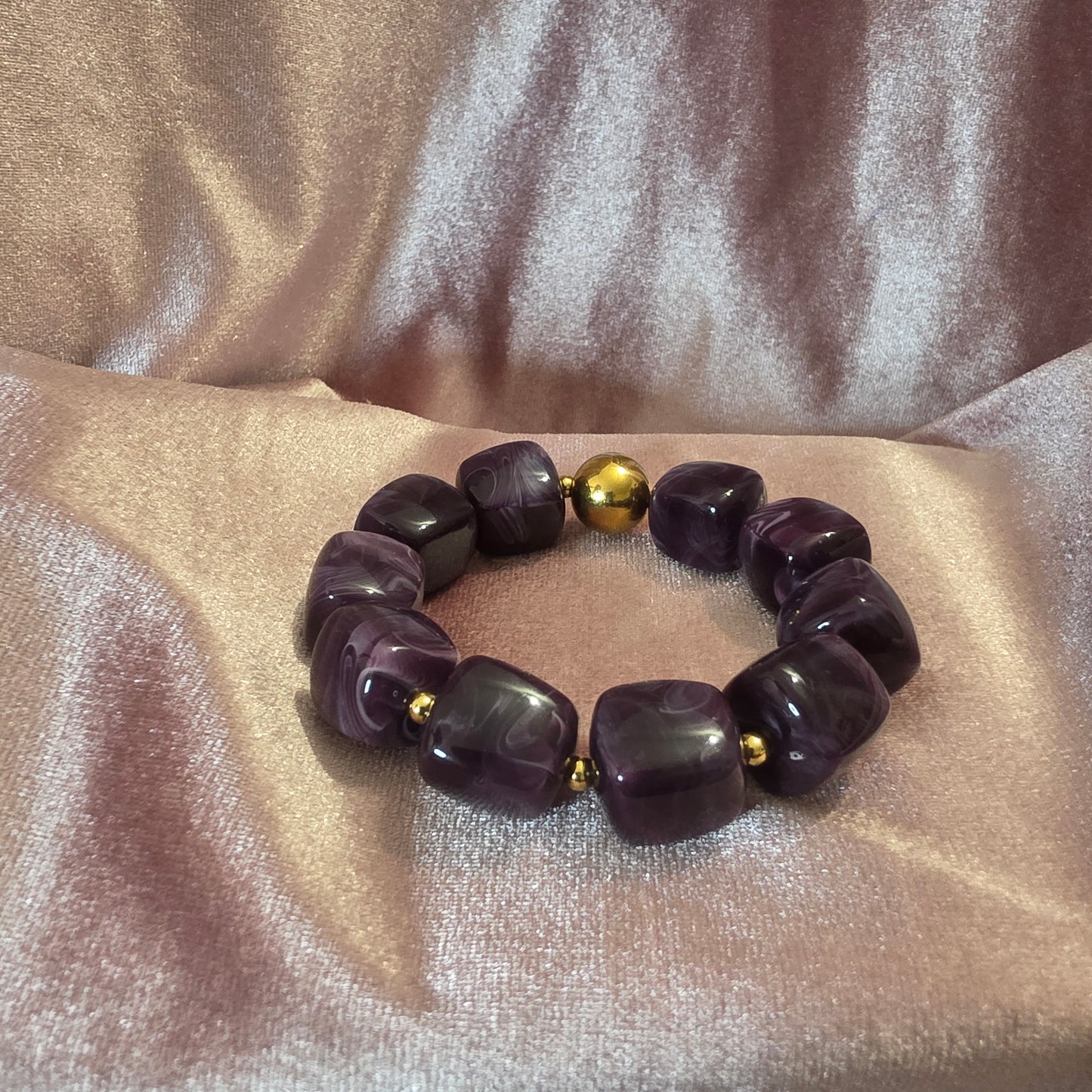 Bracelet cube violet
--
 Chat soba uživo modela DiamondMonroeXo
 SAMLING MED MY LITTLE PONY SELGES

ABOUT THIS TASK: From the line containing "Chat soba uživo modela DiamondMonroeXo" down to the line containing "SAMLING MED MY LITTLE PONY SELGES" in the material above, reproduce every line exactly, including the two end lines.

ANSWER FOR THE TASK:
 Chat soba uživo modela DiamondMonroeXo
 SAMLING MED MY LITTLE PONY SELGES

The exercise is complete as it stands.